I gasp...gasp...breathe...in, out, say it with me "W-U-S-A"...turning blue, pale, dropping to the ground, tearing down the walls, scratching, kicking, help!...no air!

This exterior fools you, so you treat it like you see it. Have you no fear? No compassion? No emotions? No love? No air?!

You build me up and break me down, I let you, I watch you, I indulge you...gasping!

You throw the keys in flames! In silence I watch a montage of my life go ablaze. You won't bother explaining, why?

I switch it up. Like a new outfit, I present buki, but you strangle her. I bring afrikim, but you show no mercy.

Kim, natalie, ceci, temi...what the fuck do u want? Wigs? Heels? Shorts? Leather? What? Nothing pleases you...still I clutch to this hope of some...air! *gasp*

Can't you see? Have you no clue?! Will you just look...into these eyes and see the suffering! The suffocation! The tears!

Will you turn your back? Leave me on my knees? Carelessly sway across my pool of tears? Like wetness to your feet, are you comforted by my dilemma? Does it make you happy?...*gasp*



I let out a last sigh, shamelessly falling to your feet...your name dances off my tongue like it saved the best for last. You sneer...and walk away...yet? *gasp*

It is a humbling experience, I look back and see those who long for me, yet...I tread your grounds, walking this endless trail, thirsty, hungry...air-less!

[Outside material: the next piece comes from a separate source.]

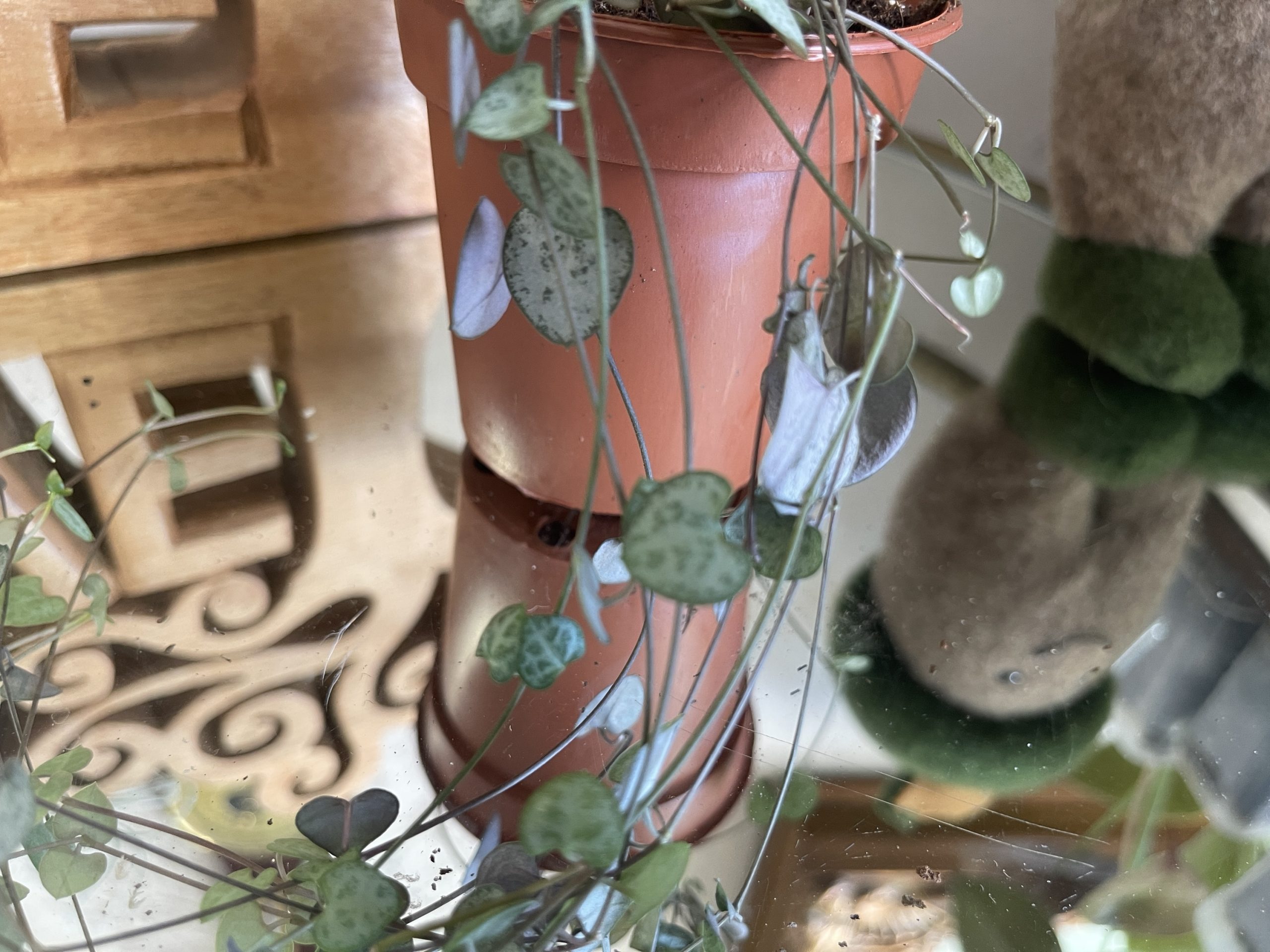 Ceropegia woodii String of Hearts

My pulse increases. Slows down. Faster, slower, irregular...*silence*

Are you happy now? You killed me, you took my breathe away...usurping every evidence of life in me...and ride off on your high horse...I lay there, breathless...I lay there, lifeless, and for the first time, I see the beauty in these open eyes.

I trusted you to tell it to me, I wanted to see myself in you, I wanted to give it all, oh wait...I did. Now gravity calls as I sink to my demise.
No air.

Random Conversation












There is beauty in the art of sadism. We were taught that light is the opposite of darkness and good has a negative correlation to bad, but I think everything exists for a reason. The bungee jumpers and the fuckers who would dare raise a razor to an innocent child's face. The very existence of both amazes me, and even though our society forces us to be taciturn or ignorant to the beauty in those things that are stigmatized as "evil."

I acknowledge the fact that they are all able to co-exist in the same realm. How dare we label and judge others, all in the name of existentialism or shall I call it pure double standards! I have flaws, so do a lot of you. You want and ask for your loved ones and acquaintances to embrace your flaws and accept them, yet you capitalize on the shortcomings of others and blame it on some subconsciously innate experience that must have shaped their being.

It is convenient, it is pointing a finger at someone, forgetting what happens to the remaining four, it is only natural...we are only human, and we should not let our prejudice nature get the best of us...but don't take it from me, cos I just judged you.